A job array is a collection of similar independent jobs which are submitted together to one of the Linux cluster job schedulers using a job template script. The advantage of using a job array is that many similar jobs can be submitted using a single job template script, and the jobs will run independently as they are able to obtain resources on the compute cluster. Using a job array can be advantageous for calculation throughput, especially for small independent calculations that may be able to run "in-between" larger calculations.
Job arrays are mostly easily used if input and output files for independent calculations can be numbered in a sequential fashion.

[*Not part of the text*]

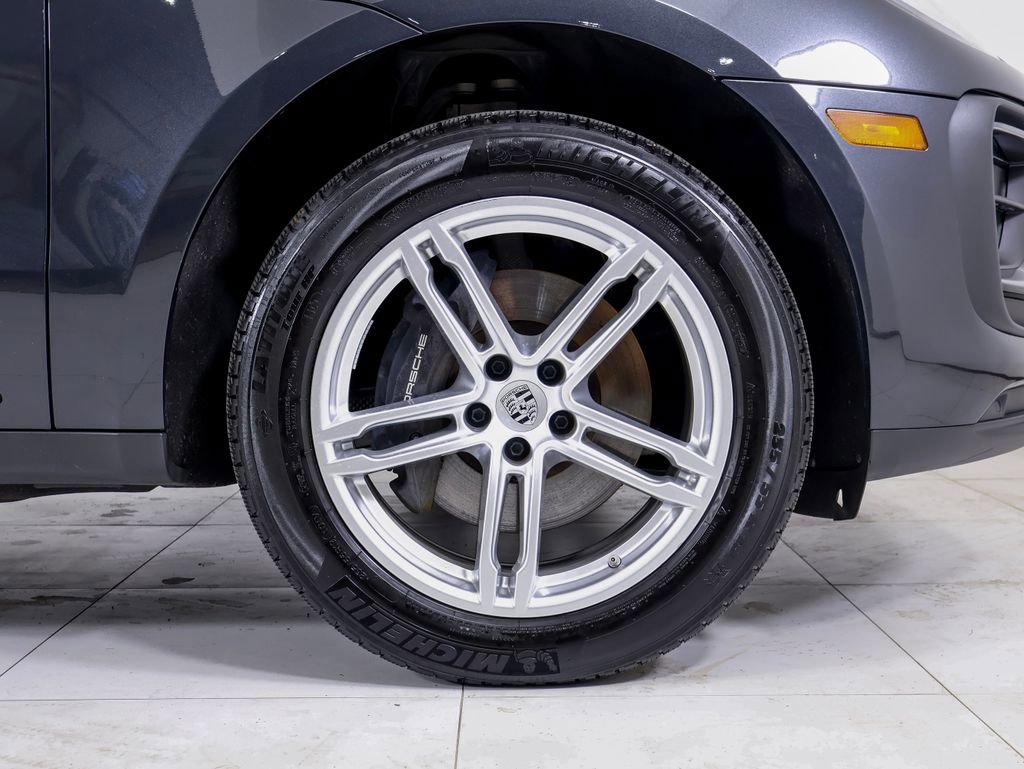 Certified 2025 Porsche Macan AWD/4WD image 26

The following YouTube video on MSI's channel summarizes much of this and the below information: https://youtu.be/FrTGAMC7w1I
To use a job array, first create a job template script - each element of the array will replicate this script. Here, we will work off the example shown below:
#!/bin/bash -l
#SBATCH --nodes=1
#SBATCH --ntasks-per-node=2
#SBATCH --mem=2g
#SBATCH -t 1:00:00
#SBATCH --mail-type=END
#
cd ~/program_directory
./program.exe < input$SLURM_ARRAY_TASK_ID > output$SLURM_ARRAY_TASK_ID
In this example, the job script is requesting one hour of walltime, two compute cores on a single node, and 2gb of memory. The job script attempts to run an executable named program.exe, and directs the input and output of the program. If you save this script to a file named jobtemplate.sh, it could then be used to submit an array of ten jobs using the command:
sbatch --array=1-10 jobtemplate.sh
Within a job array, the value of SLURM_ARRAY_TASK_ID will be replaced by a number equal to the array ID number. In this example, ten independent jobs will be submitted, with SLURM_ARRAY_TASK_ID values running from 1 to 10. This means that in each of the jobs, program.exe will be passed a numbered input file with a name like inputfile1, inputfile2, etc. Output will similarly be sent to an output file with a name like outputfile1, outputfile2, etc. Each of the ten jobs in this example will have 1 hour of walltime, 2 cores, and 2gb of memory.
The jobs will run independently as they find available resources on the compute cluster. Note that users are limited to 2,000 jobs within the scheduler at any point (including those listed as "Completed"); each element of an array job counts as an individual job.